The NSW Telco Authority has unveiled its plan to bring a “coordinated and collaborative, whole-of-government" strategy to the state’s telecommunications.
The strategy is focused on critical communications in public services, government agencies and digital government for broader social and commercial purposes.
Coinciding with the strategy launch, the NSW government has opened up $60 million of the $100 million Gig State grant program, which was first announced in February 2020, for improving digital connectivity in regional areas.
“The focus of the grant is to deliver internet connectivity that is metropolitan equivalent to residents who currently rely on satellite internet services,” the state government claimed.
NSW Telco Authority managing director Kylie De Courteney said that the Regional Digital Connectivity program “ensures families and businesses across regional NSW have better access to mobile, internet and digital services”.

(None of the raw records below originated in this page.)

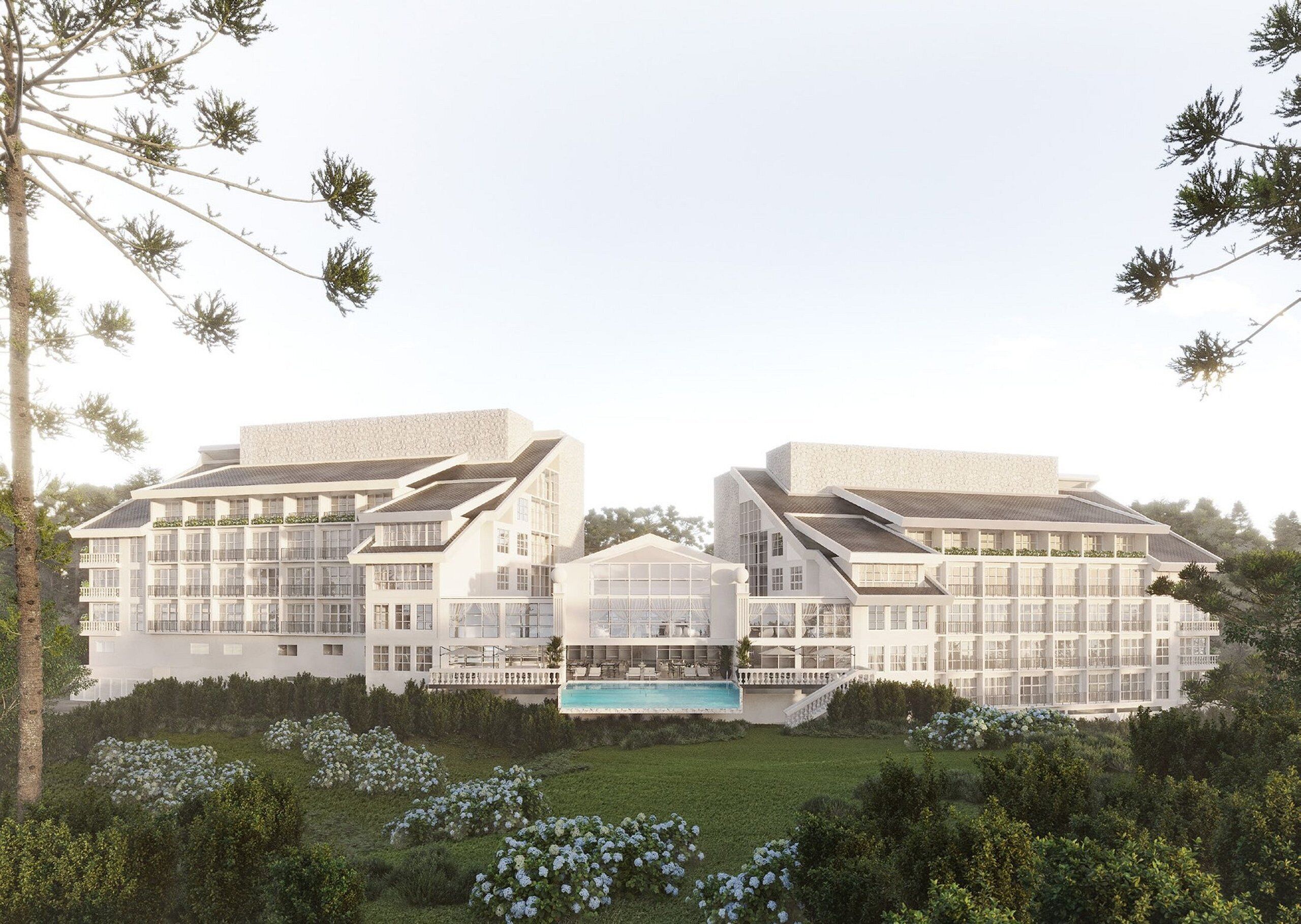A modern hotel with multiple floors, a central pool, and lush landscaping.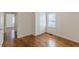 Spacious bedroom featuring hardwood floors, a built in wardrobe, and bright natural light at 1560 Temple Ave, College Park, GA 30337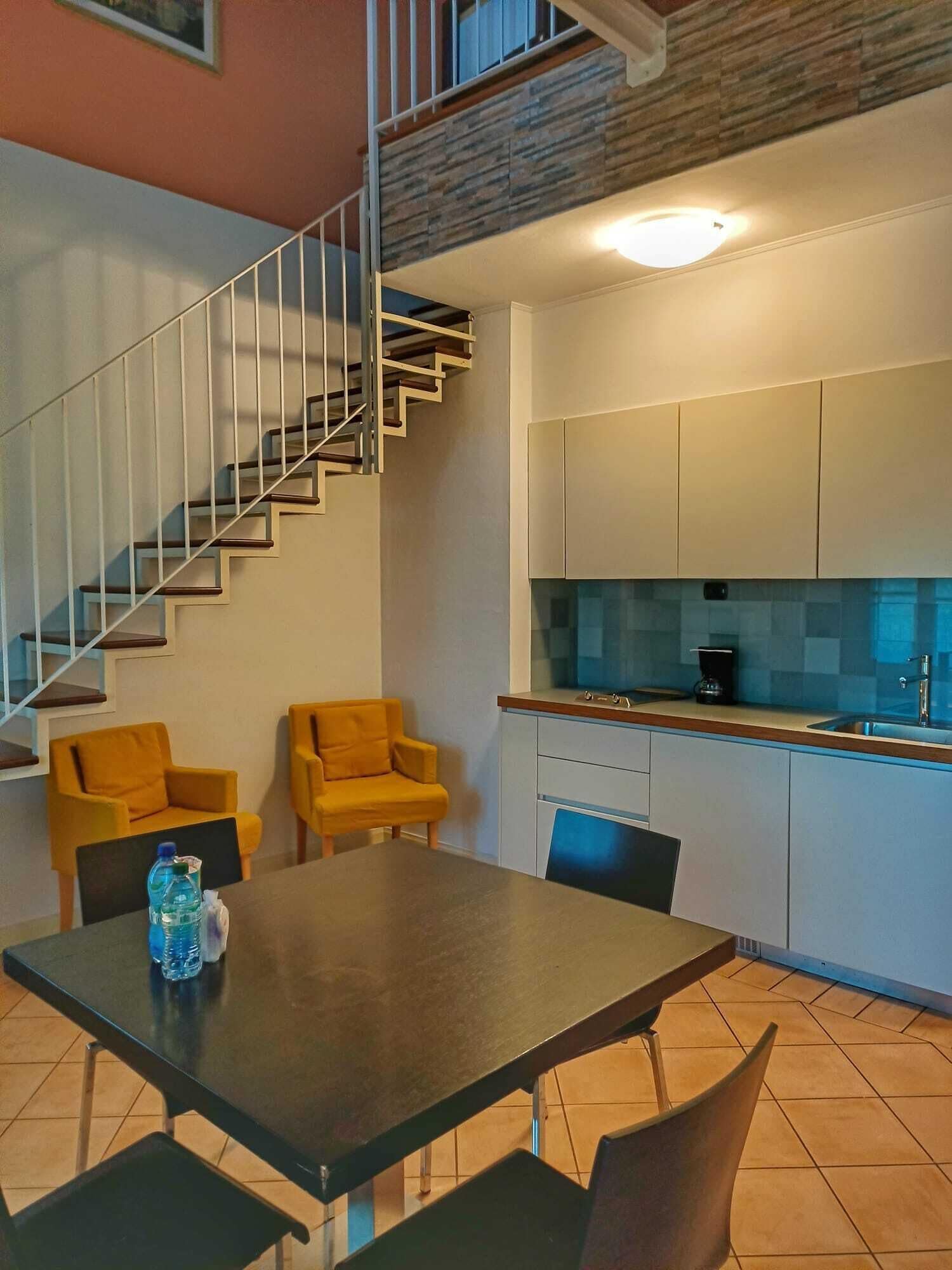 A modern kitchen with white cabinets, a built-in oven, and a coffee maker on the counter.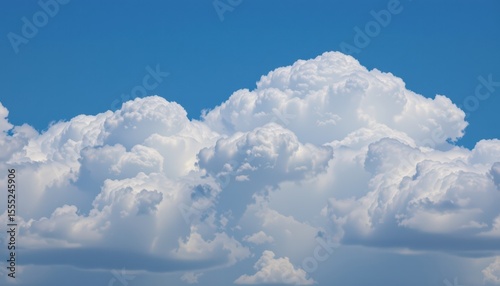 create a serene image featuring white clouds against a backdrop of blue sky on the left side, leaving plenty of space for text or other elements on the right side
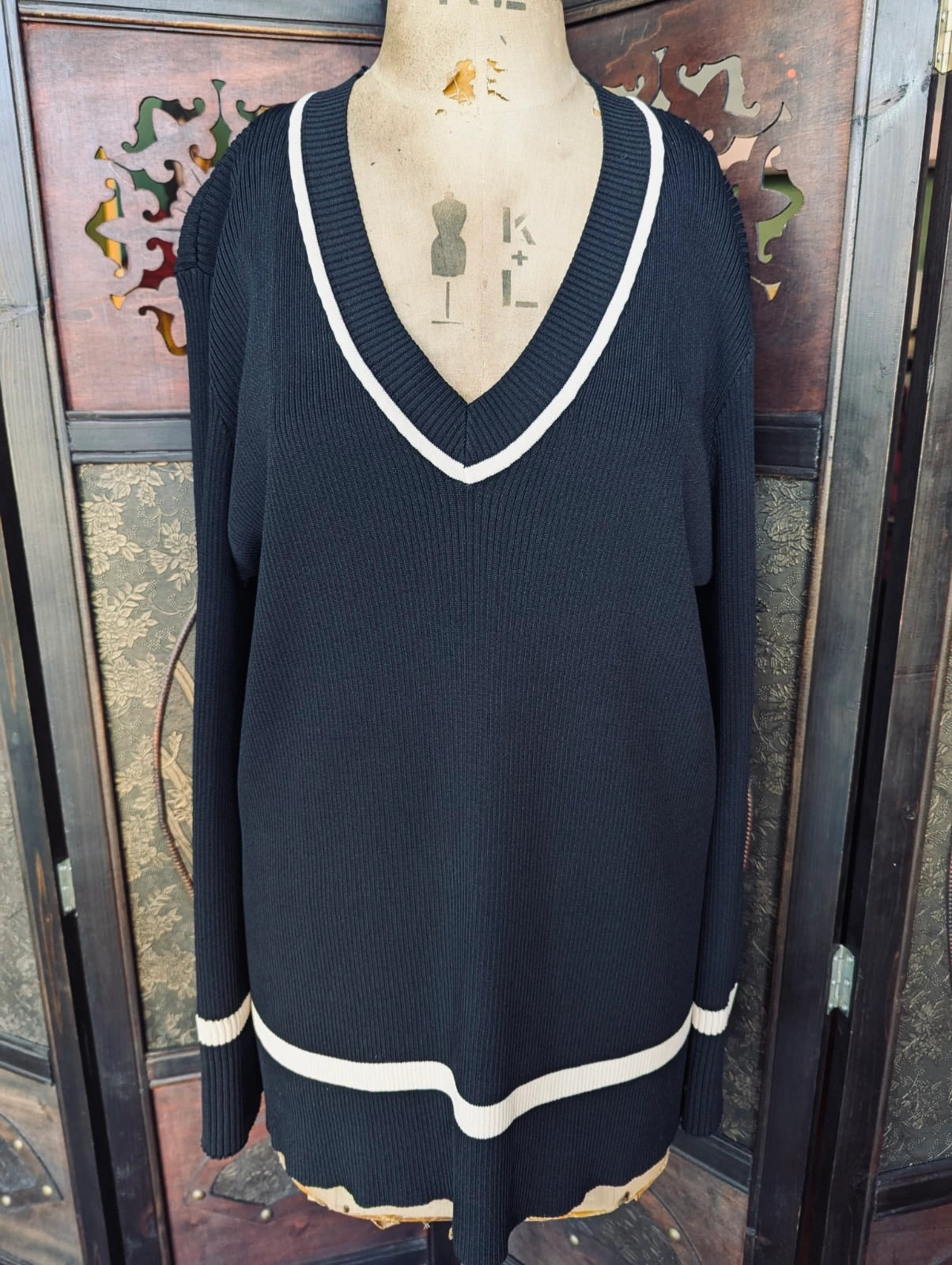 A Broochella Dissh black ribbed knit sweater with white contrast trim on the V-neck and hem, displayed on a dress form mannequin in front of a decorative wooden screen.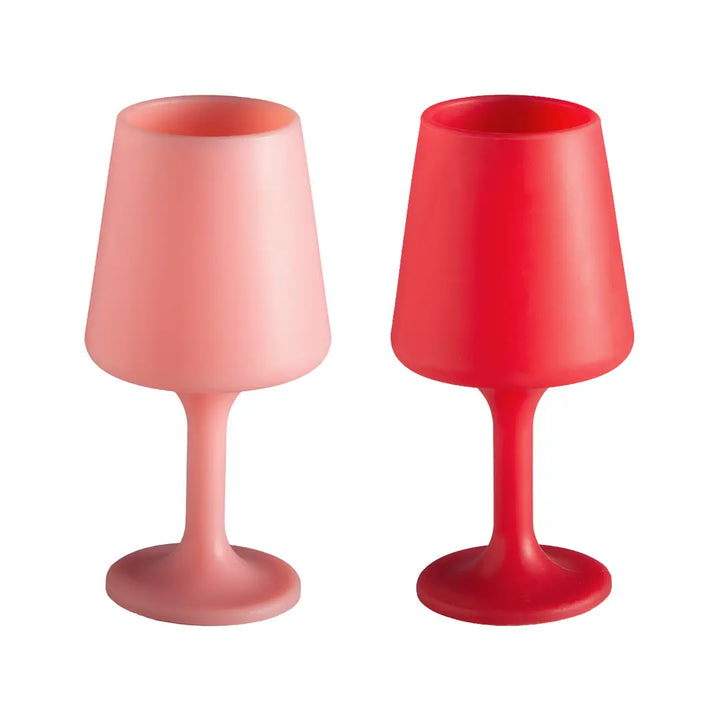 Two pink and red silicone wine glasses on a white background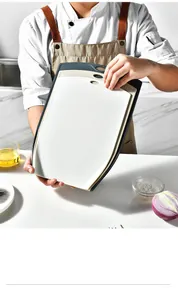 Close-up of a chef holding a set of three non-slip PP cutting boards in a kitchen scene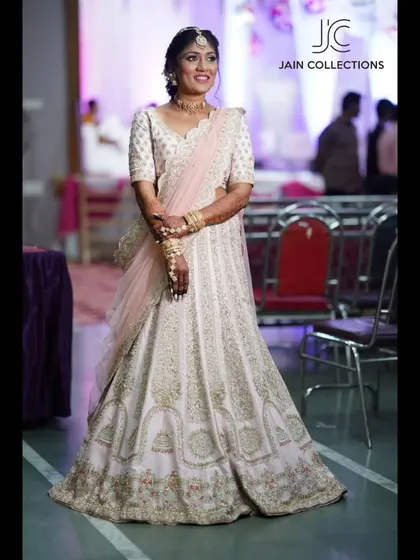 A client looking graceful in a white and gold embroidered lehenga at her event.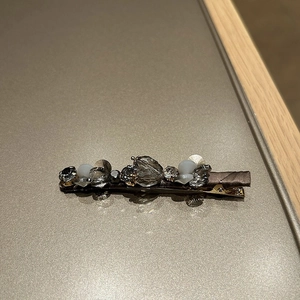 Close-up of handmade crystal hair clip with satin ribbon and sparkling rhinestones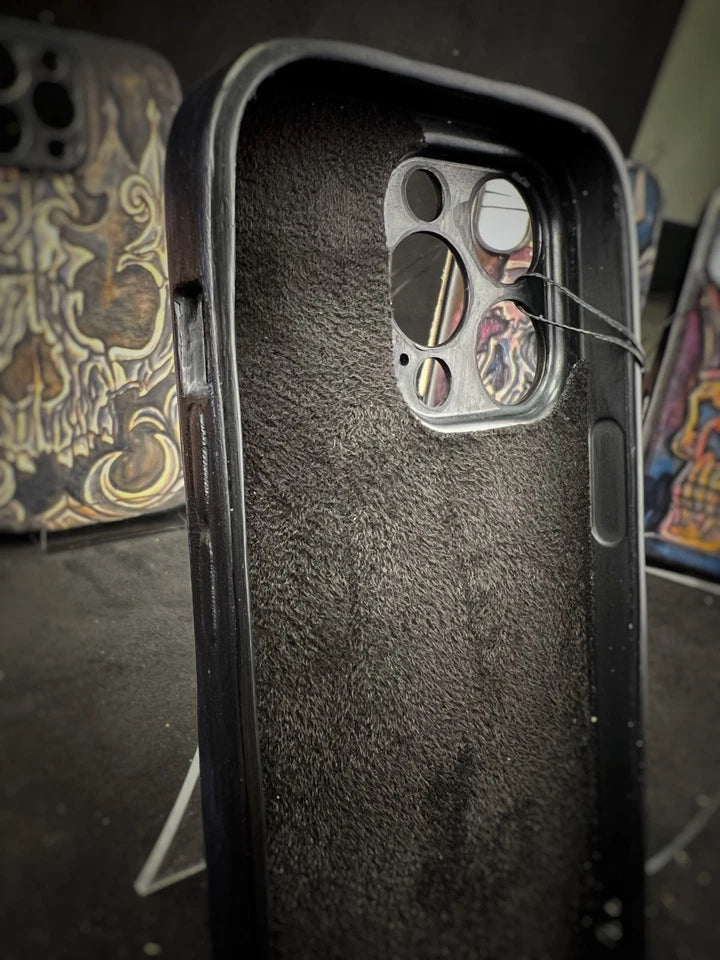 Hand-Carved Leather iPhone 14 Pro Case: Embossed Skull Art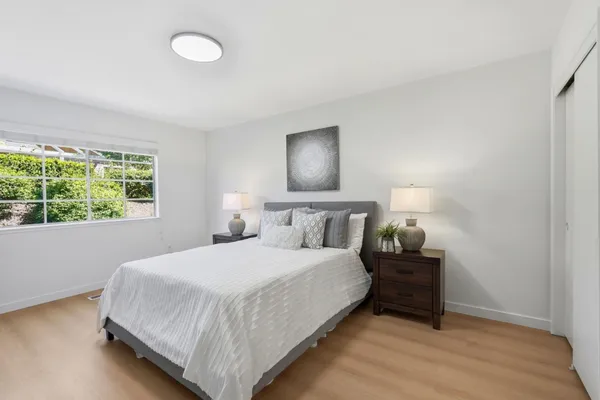 a bedroom with a bed and a night stand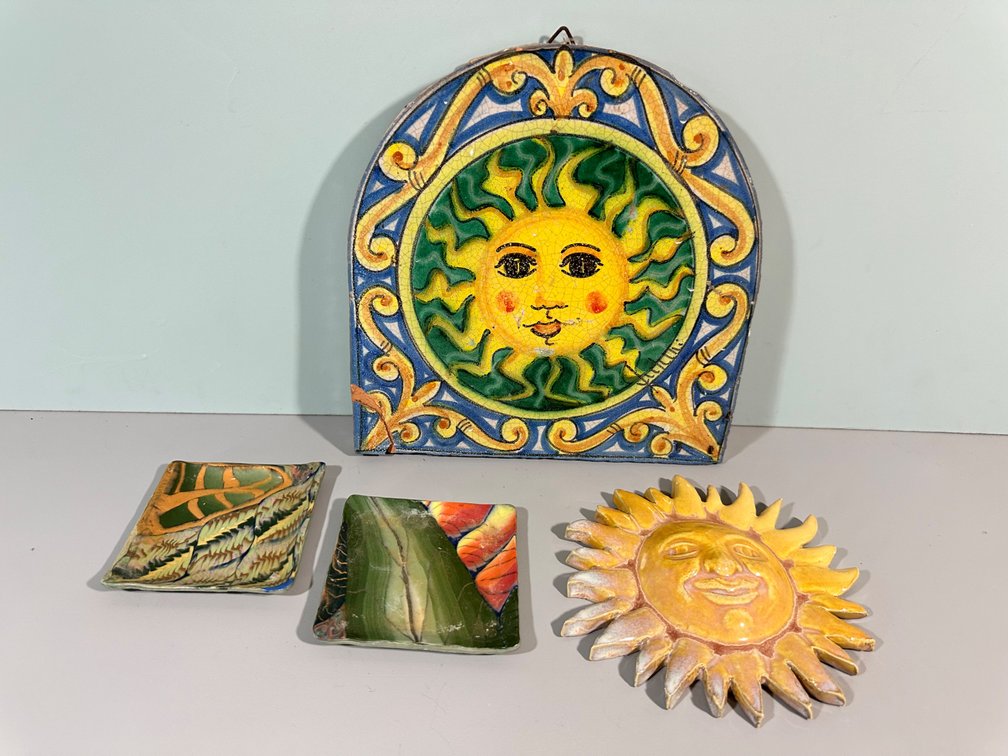 Collection of Decorative Sun-Themed Ceramic and Enamel Pieces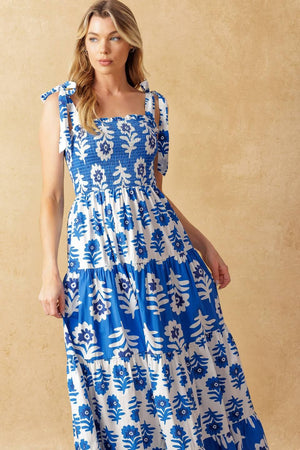 
A printed woven maxi dress featuring straight neckline, shoulder straps, smocked bodice and tiered skirt

Details:

Self : 100% Cotton
Contrast : 100% Cotton

Size &amp; Fit

- Model is 5`10" And Wearing Size Small
- Measurements Taken From Size Small
- Approx. Length: 59"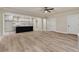Open-concept living room flows to kitchen featuring wood floors, and neutral colors throughout at 100 Percheron Dr, Canton, GA 30114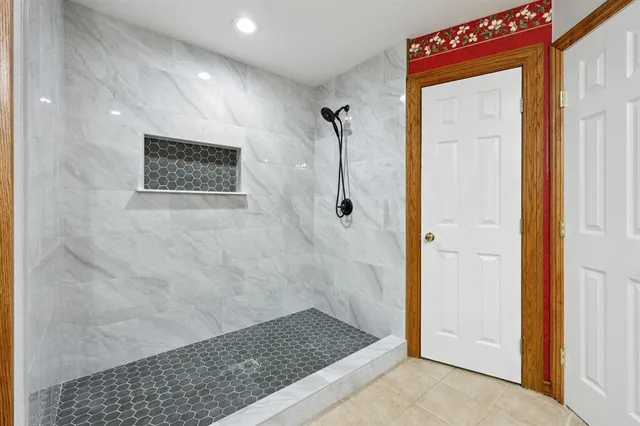 a spacious bedroom with a bed and a television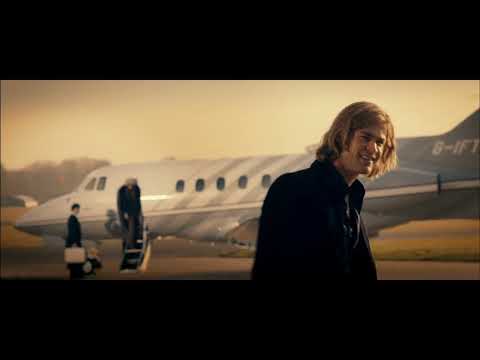 Rush trailer still — Hunt and Lauda on the grid as synth pulses rev like engines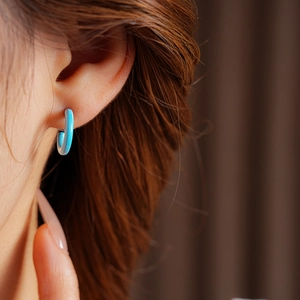 Close-up of light blue enamel C-shaped earrings worn on model for a stylish retro look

“The program includes the Gig State project which is working to improve internet connectivity, service, speed and quality for the most underserved rural and regional communities in the state,” she said.
“Digital connectivity creates more benefits the more people are connected. By uplifting connectivity to a regional town for instance, it can attract new businesses, accelerate the adoption of government digital services and propel higher standards of living.”
According to the connectivity strategy, NSW “still has numerous areas with poor or no connectivity”. The report stated that around 15 per cent of major roads do not have mobile coverage and around 30 per cent of the rail network has poor or no coverage.
There are 4,000 reported mobile black spots in NSW that impact around 10,000 premises.
The report noted a quarter of children under the age of 15 in remote areas of NSW did not have the internet at home in 2021. It also said 23 per cent of people living in outer regional, remote or very remote areas accessed telehealth services, compared to 30.4 per cent of those living in inner regional areas and cities.
In addition, 38 per cent of NSW's Aboriginal households did not have an internet connection as of 2016.
“It is vital, as NSW improves our digital infrastructure, that our efforts are coordinated with an overarching strategy,” the report said.